**SUPPLIED MATERIAL:**

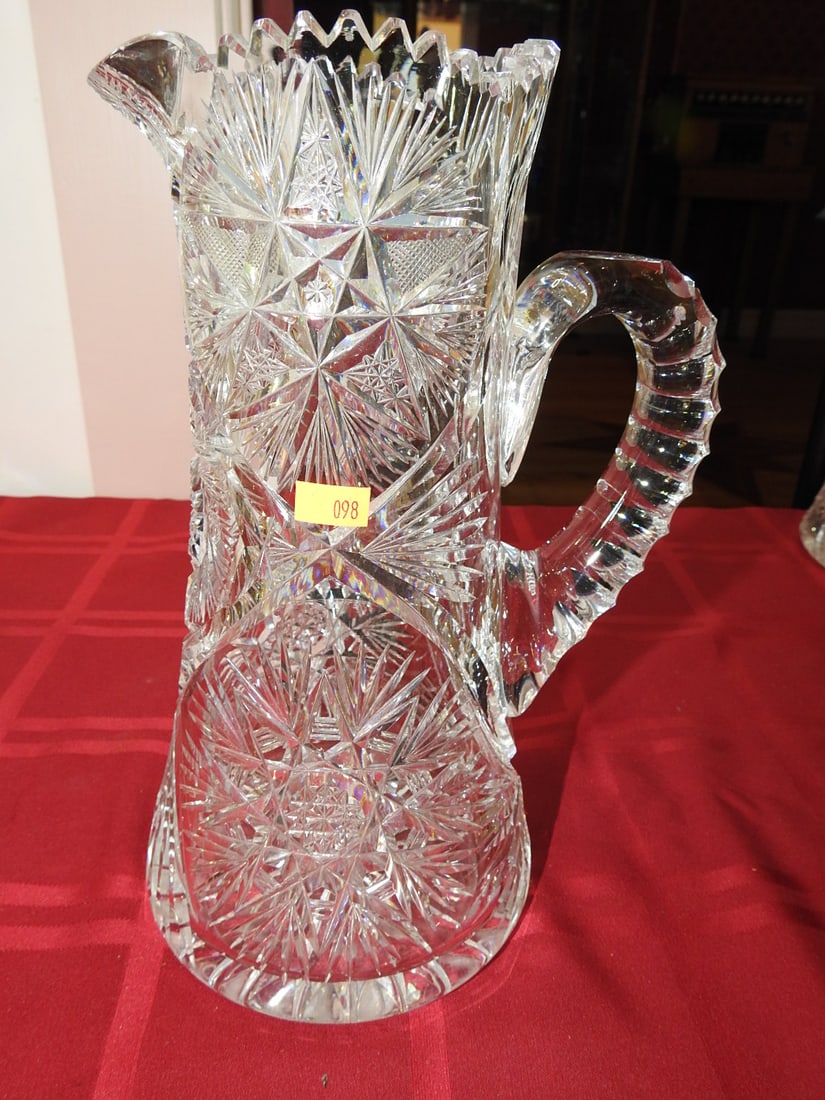ABP Cut Glass Water Pitcher: American Brilliant Period hand-cut glass water pitcher with applied handle and geometric/hobstar cut decoration. Approx. 11 x 4 x 7.5 in. Unmarked unless otherwise noted; maker/pattern attribution is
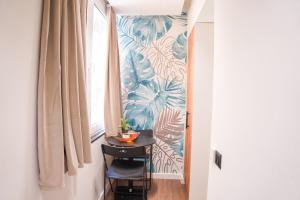 a small table in a hallway next to a window at Cuzi House in Librazhd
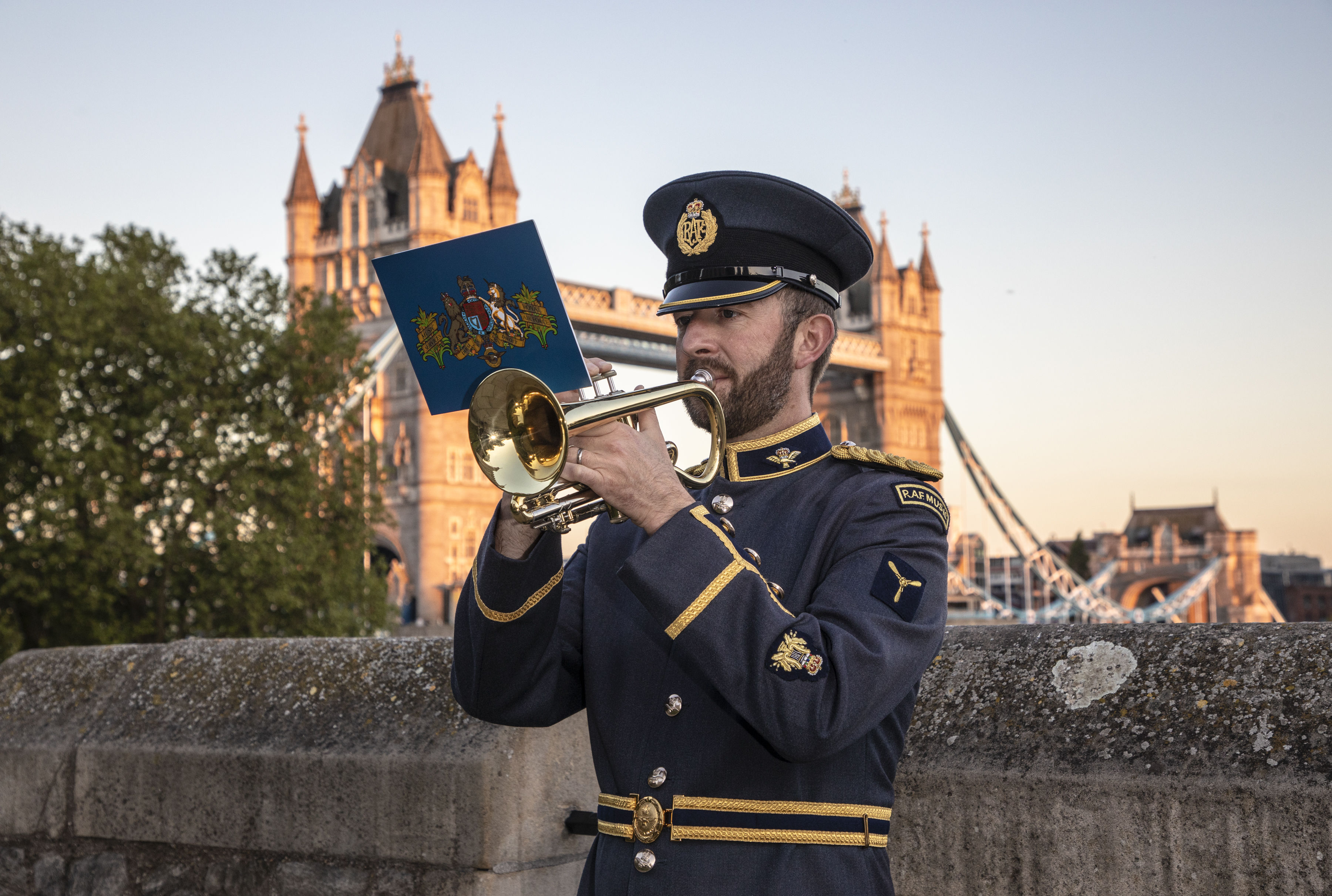 RAF trumpeter plays by the Tower of London.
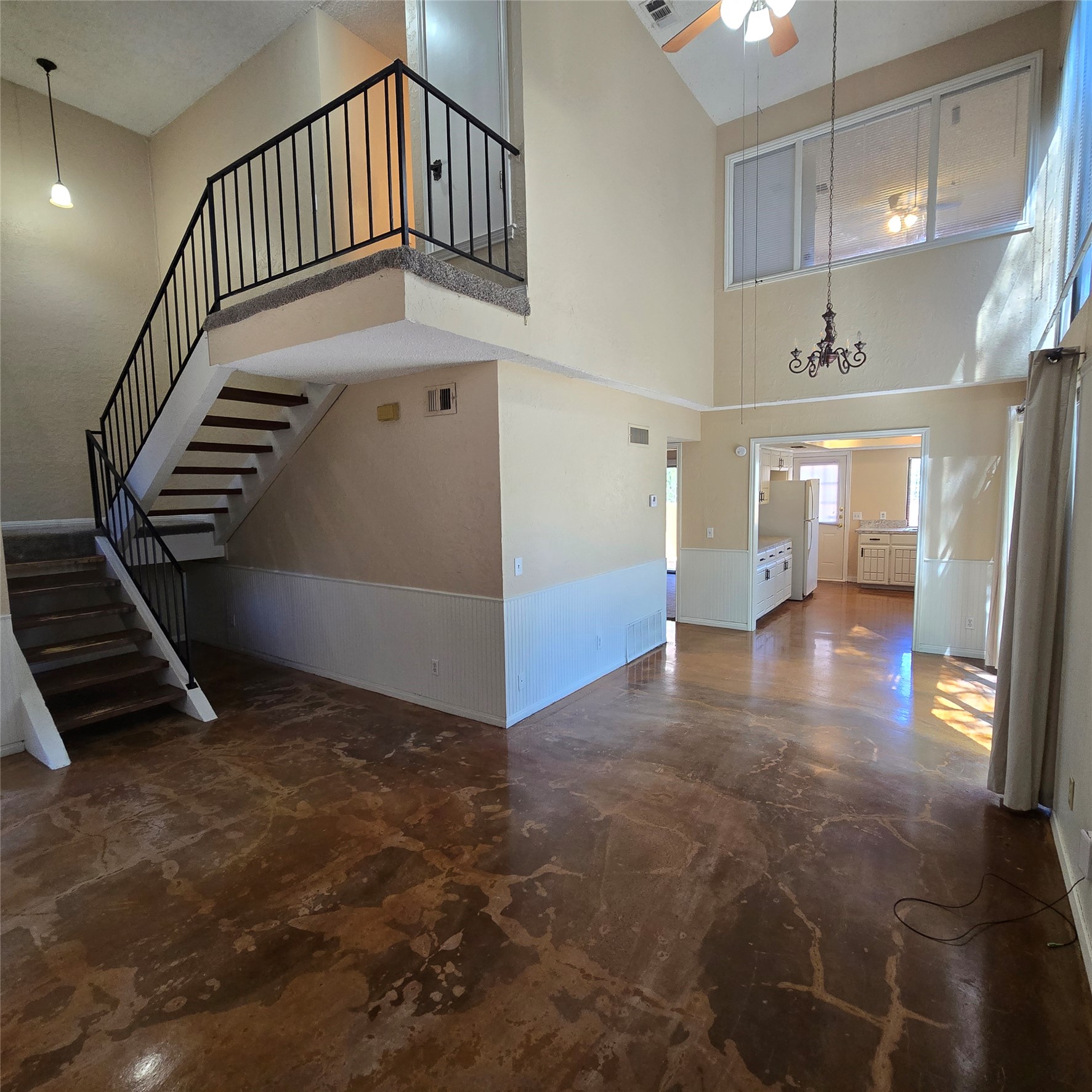 801 Ranch Road 12 San Marcos, TX 78666 - Photo 3 of 21 Unfurnished living room featuring wainscoting, a ceiling fan, and a high ceiling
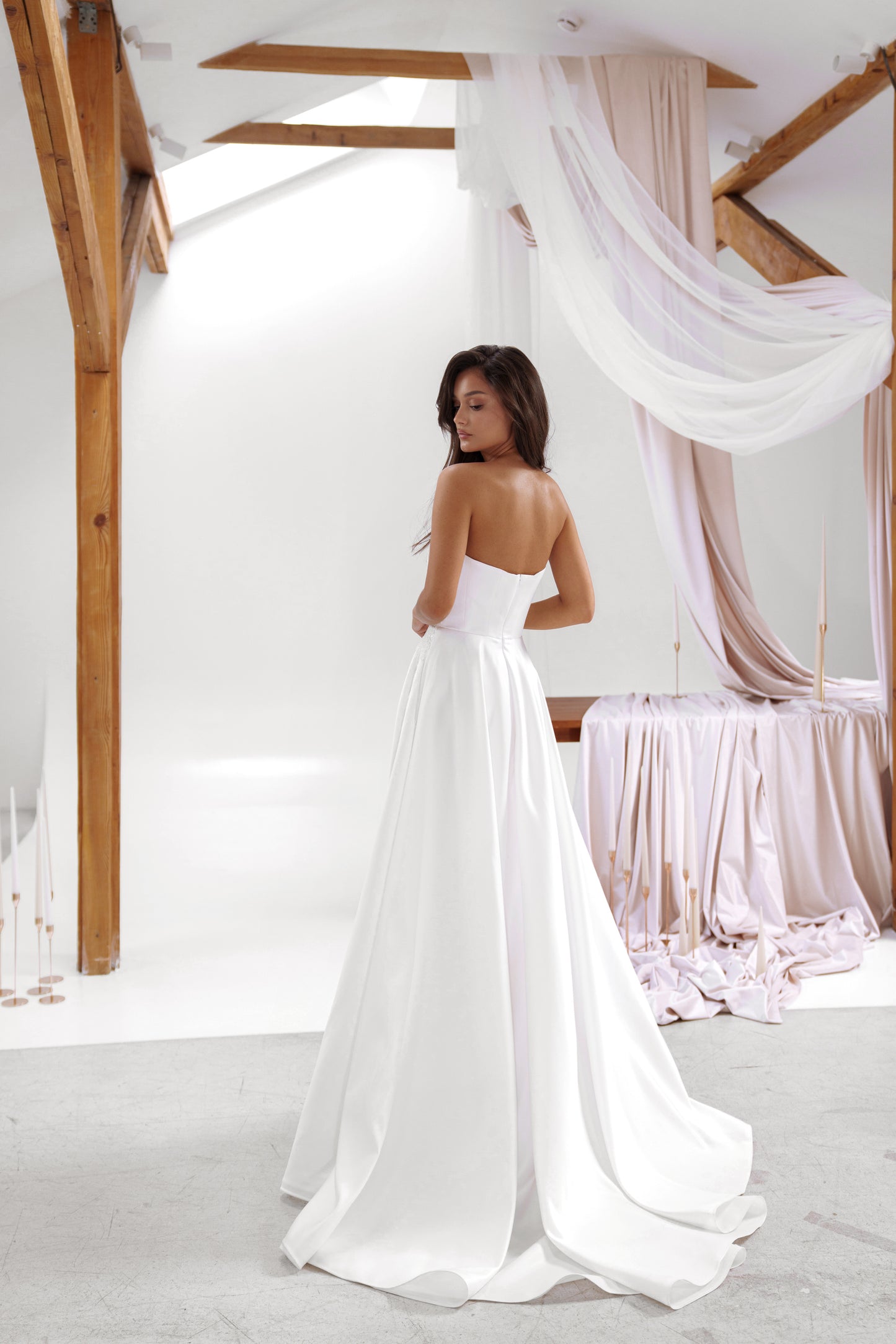 Grace wedding dress by Sonya Soley – back view of strapless satin gown with flowing train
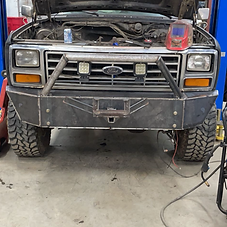Custom heavy-duty steel front bumper fabricated and welded for a work pickup truck
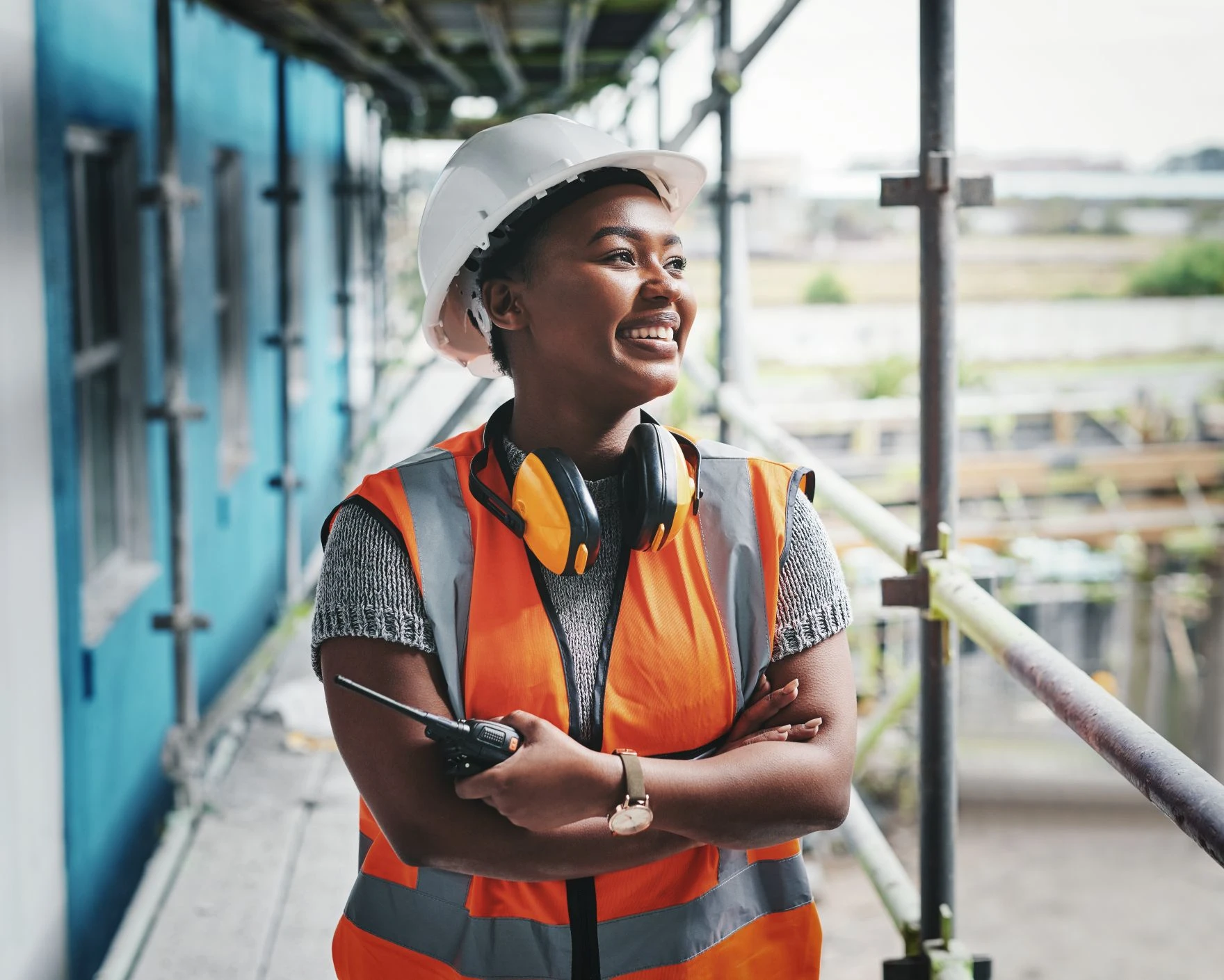 Person in an orange safety vest and white hard hat stands on a building site, holding a walkie-talkie and smiling, with protective headphones around their neck.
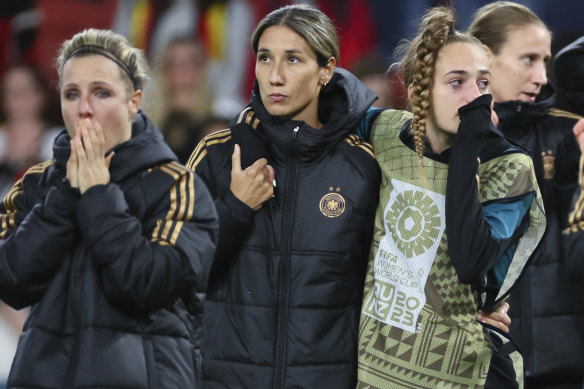German players react following their shock exit in Brisbane on Thursday night.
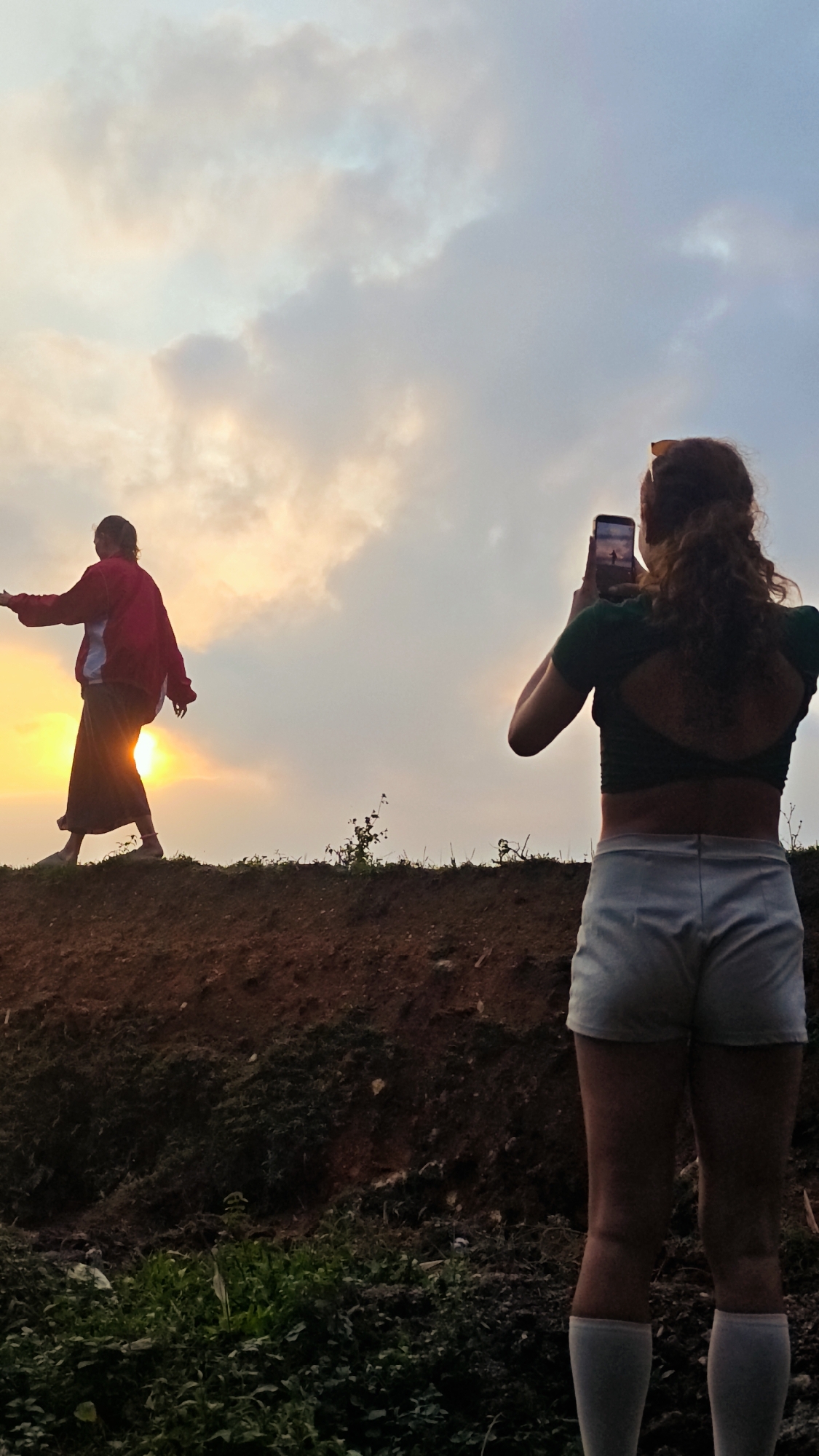 This vertical full-shot image depicts an outdoor scene during either sunrise or sunset, creating a warm, backlit atmosphere against a cloudy sky.
Two people are the primary subjects. On the left, further into the midground, a person is largely silhouetted by the sun. They wear a red jacket and what appears to be a dark, long skirt or traditional lower garment. This individual stands on a raised, uneven dirt mound, with arms slightly outstretched as if posing or balancing.
On the right, closer to the viewer and seen from behind, another person is actively taking a photograph with a smartphone held up to eye level. This person has reddish-brown curly hair pulled back, wears sunglasses on their head, a dark green crop top with a cut-out design on the back, light-colored shorts, and white knee-high socks. A faint reflection of the silhouetted person can be seen on the smartphone screen.
The setting appears to be a rural or natural environment, consistent with Nậm Dịch Commune, Vietnam. The foreground shows dark soil with scattered patches of green vegetation and small plants. The dirt mound acts as a natural barrier, separating the two individuals and contributing to the rugged landscape. The soft, diffuse light from the low sun casts long shadows and highlights the clouds, evoking a tranquil moment of capturing a scenic view. There is no visible text in the image.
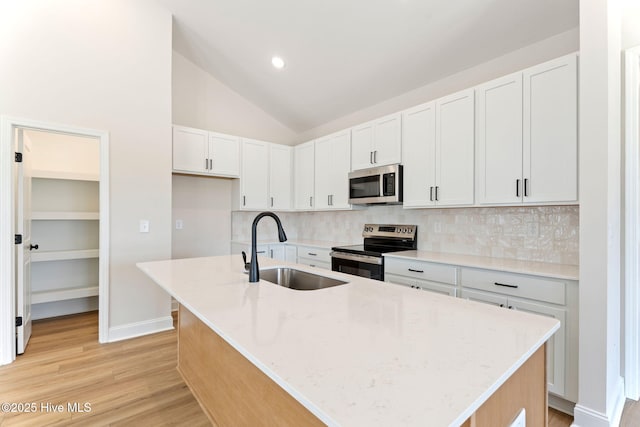 4506 Fairhaven Dr W, Wilson, NC 27893 - kitchen featuring stainless steel appliances, backsplash, a center island with sink, light stone countertops, and light wood-style floors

**YOUR GOAL:** Output the data above exactly, beginning at its first line and ending with the line that holds "This vertical full-shot". Leave out the pictures and add nothing.

**TASK SOLUTION:**
ABP Cut Glass Water Pitcher: American Brilliant Period hand-cut glass water pitcher with applied handle and geometric/hobstar cut decoration. Approx. 11 x 4 x 7.5 in. Unmarked unless otherwise noted; maker/pattern attribution is
 a small table in a hallway next to a window at Cuzi House in Librazhd
 RAF trumpeter plays by the Tower of London.
 801 Ranch Road 12 San Marcos, TX 78666 - Photo 3 of 21 Unfurnished living room featuring wainscoting, a ceiling fan, and a high ceiling
 Grace wedding dress by Sonya Soley – back view of strapless satin gown with flowing train
Custom heavy-duty steel front bumper fabricated and welded for a work pickup truck
 Person in an orange safety vest and white hard hat stands on a building site, holding a walkie-talkie and smiling, with protective headphones around their neck.
German players react following their shock exit in Brisbane on Thursday night.
 This vertical full-shot image depicts an outdoor scene during either sunrise or sunset, creating a warm, backlit atmosphere against a cloudy sky.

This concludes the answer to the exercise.